室温20度に対して、水冷でガンガン冷やしたとしても40~50度のCPUやGPU、HDD、SSD、メモリ。
これだけ熱源に事欠かない以上、ケース内の温度は室温よりも高いに決まっているんです。
仮に、仮にですよ超絶理想的な環境にあったとしてもケース内温度は室温と等しくなるのが限界で、
それを下回るようなことは熱力学的に100%ありえません。
こちらも超絶わかりやすい模式図を描いたので参考にしてください。
⑤吸気にしたらケース内に熱が入りパーツが壊れる?
この点が冒頭で紹介した2chのすれでも紛糾していて皆さんはどう思いますか?
吸気にしたらラジからの熱風がケース内に入るじゃねーか!!
……ほんまに?
まず1点、「ラジエーターから果たして熱風と呼べるような温度の空気が出るのか?」
たぶん本格水冷の場合だとフルロードの水温は皆さん30度~せいぜい50度になるように運用してますよね。

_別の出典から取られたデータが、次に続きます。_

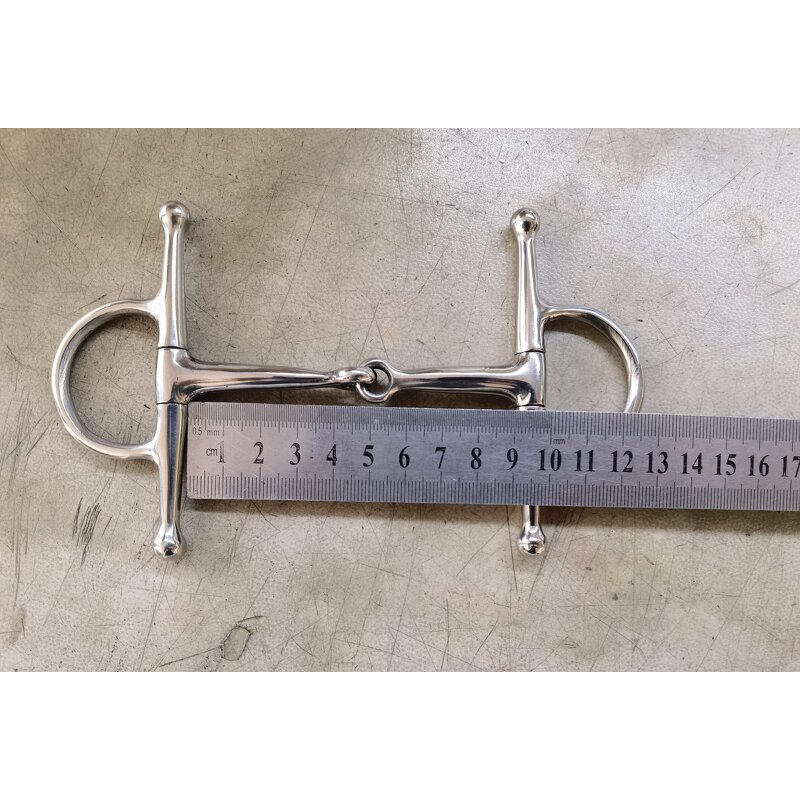 Horse Bits Manufacturer - Small Horse Chewing Mouth Roller Stainless Steel with Convenient Holes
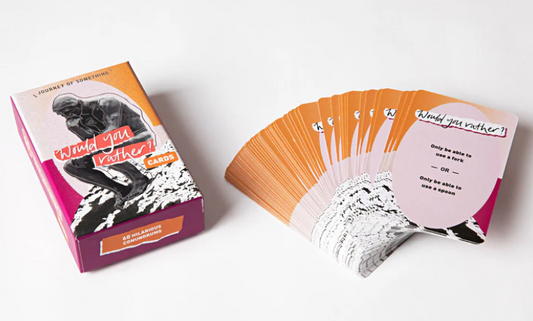 Would You Rather Cards
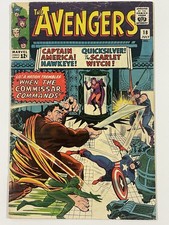 The Avengers #18 (Marvel Comics July 1965) G / 2.0 picture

簡易水冷は水温計が付いていないのでちょっとわかりませんが、簡易水冷グラボのコア温度がせいぜい70度なので、水温は高々60度ですよね。まあ高めに見積もって70度にしますか?
さて、ある空気がラジを通るのにかかる時間ってどれくらいだと思いますか?
扇風機の弱設定は1m/s程度だそうです。たぶん0.1秒くらいでラジを通過しますよね。おかしいですか?

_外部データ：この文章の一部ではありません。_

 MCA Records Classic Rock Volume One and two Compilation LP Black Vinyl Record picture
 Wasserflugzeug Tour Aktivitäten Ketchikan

さてでは高く見積もって70度のラジエーターを0.1秒通過した20度の空気は何度になるでしょうか?
参考までにサウナの空気は80~100度だそうですが、火傷した人はいますか?
30度程度の肌が40度に加熱されますか?
いやまあこの説明はかなり嘘を孕んでいるのですが、空気は断熱性の性質を持ち熱の受け渡しが難しい、
この性質を直感的に理解していただけると思います。
もう結論は出ましたよね。
水冷ラジエーターから熱風が出ることはありえません。
でもこれだと熱が篭って次第にケース内温度が上がるというよくわからないことを言う人がいるようなので
次の図を見てください。
吸気する体積と排気する体積が同じ、要するに吸気と排気でケースファンの数と速度が同じなら各空気がラジから受け取る熱量は体積依存なんだから、受け取った分まるっと排気から出て行くはず。
熱い空気は上に留まるとか言い出す人もいるかもしれないから考えてみよう。
つまりこんな感じで溜まっていくんだよね。
さらにこうなりますか?
でも常識で考えてみましょう。
ラジエーターから出てくる空気はラジが70度であっても室温20度から40度まで加熱されません。
百歩譲って空気が加熱されて40度だとしても、
40度の空気が供給されてケース上部に溜まったら50度になると思いますか?
状態X2とかマクスウェルさんが失禁するレベルで大歓喜しますよ。
吸気にしたところでパーツが壊れるような熱が
ケースに篭ることもまたありえない
⑥まとめ
以上①~⑤を読んで皆さんはどうお思いになったでしょうか。
読んだ人なら結論はお分かりかと思いますがあえてここで明言はいたしません。
実際問題として空気の流れ(エアフロー)というのは大学でも院や研究室で取り扱われる非常に難しい問題であり、その点についてはかなり理想化・簡単化を施したため100%確実に現実に即した説明であるとはいえませんしね。まあ9割がた外れてないと思いますが。
管理人も1度は通った道です。
当記事では可能な限りわかりやすく力説したつもりですがさぞお悩みでしょう。
そして管理人は真理に辿り着きました……、
そうだラジエーターは外付けにしよう。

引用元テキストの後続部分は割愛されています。